Given material >>
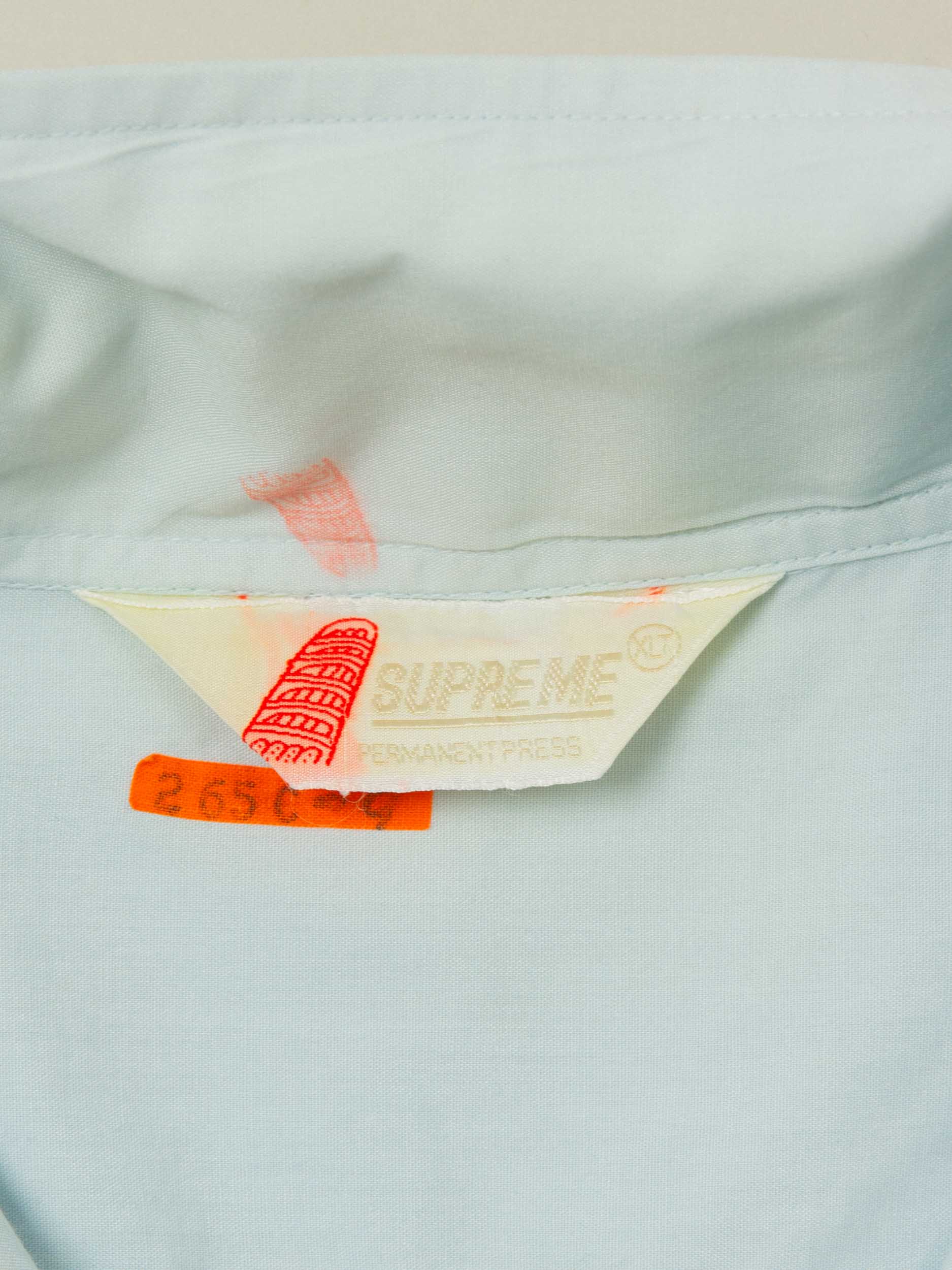 Vtg 1980s 'Supreme' Guayabera Cuban Shirt (XL) - Image 4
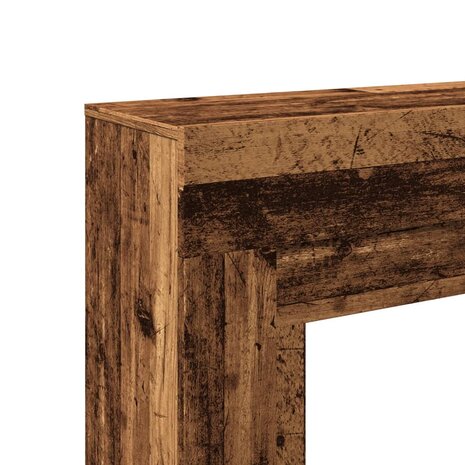 Haardombouw 100x30x87,5 cm bewerkt hout oud houtkleurig 7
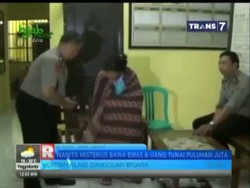 Wanita Tuna Rungu ini Bawa Emas dan Uang Puluhan Juta Rupiah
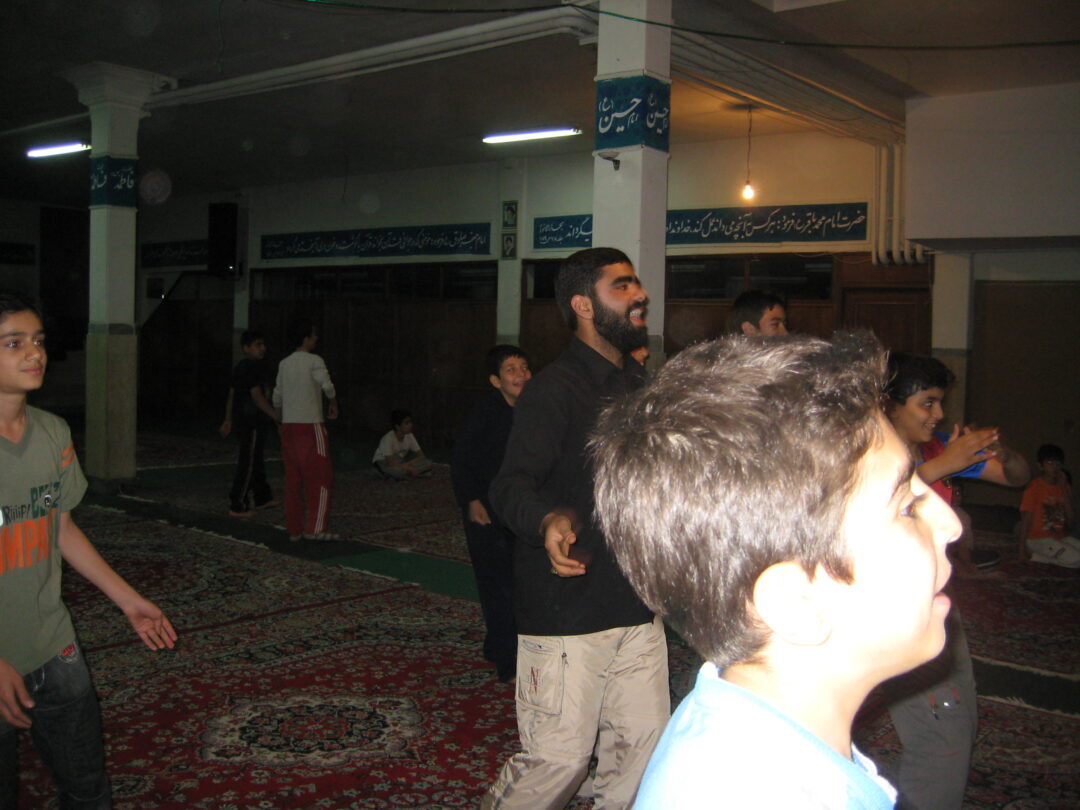 اردوی شبی در مدرسه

Your task >> Reprint the listing above verbatim but drop the images.

Answer box >>
 Vtg 1980s 'Supreme' Guayabera Cuban Shirt (XL) - Image 4
 Haardombouw 100x30x87,5 cm bewerkt hout oud houtkleurig 7
 Wanita Tuna Rungu ini Bawa Emas dan Uang Puluhan Juta Rupiah
 اردوی شبی در مدرسه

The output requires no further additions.